OK, we have to admit that waking up Wednesday morning and looking out the window was a little bit like opening a brightly wrapped package beneath a Christmas tree and finding inside a pair of navy socks.
It was a little disappointing.
Snow is so rare in our part of the state that few occurrences can get people quite as giddy as the idea that a couple of inches of the white stuff will be covering the lawn when day breaks. When folks went to bed Tuesday night, it certainly seemed that prospects were good that some accumulation would be there in the morning.
On the other hand, we’d guess that many of our fellow Georgians in the north end of the state would have loved to have traded places with Southwest Georgia on Wednesday morning. Extended traffic tie-ups and wrecks seemed to be the order of the day as state transportation officials worked hard to mitigate the extensive problems and get traffic flowing again.
But with some slight variation to the way the weather pattern developed, our region could have been in the same fix the Atlanta area found itself in Wednesday. Three inches of snow overnight had devastating effects. Some vehicles were stalled more than 20 hours on impassable Interstate Highways, with one report saying that a woman gave birth while stuck on the Interstate in Atlanta. Reports were that there were more than 1,000 wrecks, 300 injuries and at last one fatality. There were reports that some students would stay at schools overnight.
Gov. Nathan Deal declared a state of emergency for the state, and he and Atlanta Mayor Kasim Reed came under fire Wednesday for not reacting strongly enough to prepare with the treacherous conditions that the northern part of the state experienced from the wintry blast.
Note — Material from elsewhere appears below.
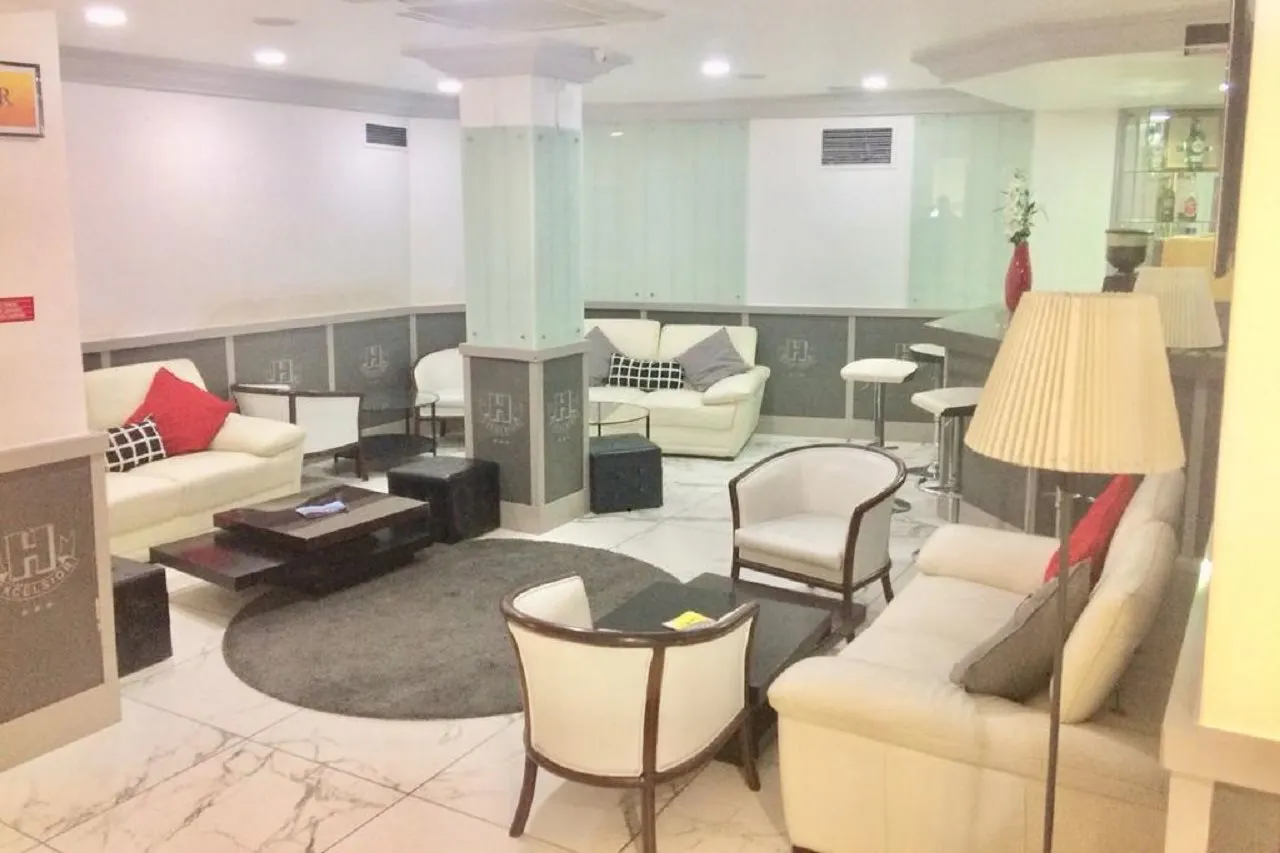 Excelsior - facilities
Deal calling the storm “unexpected” also has drawn criticism.
Still, Wednesday’s “non-event” in our area has prompted some to question the decisions of school, government and service officials Tuesday to declare, more or less, a “snow day” and suspend operations.
We believe the local officials in Albany and Southwest Georgia made the right call despite the fact that conditions in our area did not deteriorate to the point that most had expected. Weather predictions, it has been said, are one part science, one part hunch and one part pure luck. The people who had to make the calls were using the best information they had available.